Un décret du 18 mai 2009 a par ailleurs défini la base d’imposition de la taxe, laquelle réside dans la quantité de matière sèche de boues produites annuellement. Or, selon les requérants, en décidant ainsi d’asseoir la taxe sur la quantité de boues d’épuration produites et non sur la quantité de boues épandues, le législateur a opté pour un dispositif excédant l’objectif poursuivi, à savoir la promotion de l’épandage des boues et l’indemnisation de certains préjudices résultant de cet épandage. Certaines industries seraient en effet placées dans l’impossibilité tant juridique que technique d’éliminer par voie d’épandage la totalité des boues qu’elles produisent. Ce faisant, l’assiette de la taxe sur les boues d’épuration méconnaîtrait selon les requérants l’égalité devant les charges publiques. 

Il s’est agi pour le législateur de privilégier l’élimination des boues d’épuration au moyen de l’épandage, relève le Conseil. Sur ce point, il n’appartient pas au juge constitutionnel de remettre en cause le choix opéré par le législateur et d’en apprécier en particulier la pertinence sur le plan environnemental.
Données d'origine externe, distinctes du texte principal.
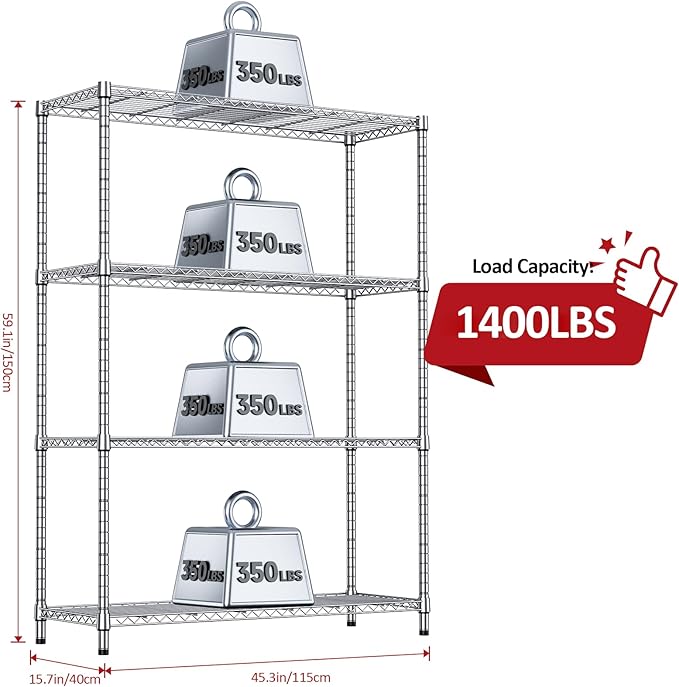 IZEUK 4-Tier Adjustable Heavy Duty Metal Wire Shelving Unit, Wide Storage Rac...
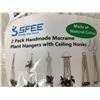 Image 2 : 2 pack Macrame Plant Hangers with Hooks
Le Conseil retient en revanche le grief de l’inadéquation de la taxe à son objet pour émettre une réserve d’interprétation. Il estime que la différence de traitement instituée entre les boues susceptibles d’être épandues – au regard de la réglementation – pour lesquelles le producteur a obtenu l’autorisation d’épandre et les autres déchets produits non soumis à taxation car éliminés par stockage ou incinération est en rapport direct avec l’objet de la taxe. Tel n’est pas le cas, pour le Conseil, s’agissant des boues susceptibles d’être épandues mais pour lesquelles le producteur n’a pas l’autorisation d’épandre, notamment au titre du plan départemental d’épandage. Au regard du principe d’égalité devant les charges publiques, ces dernières ne sauraient en conséquence être soumises à taxation, conclut le Conseil.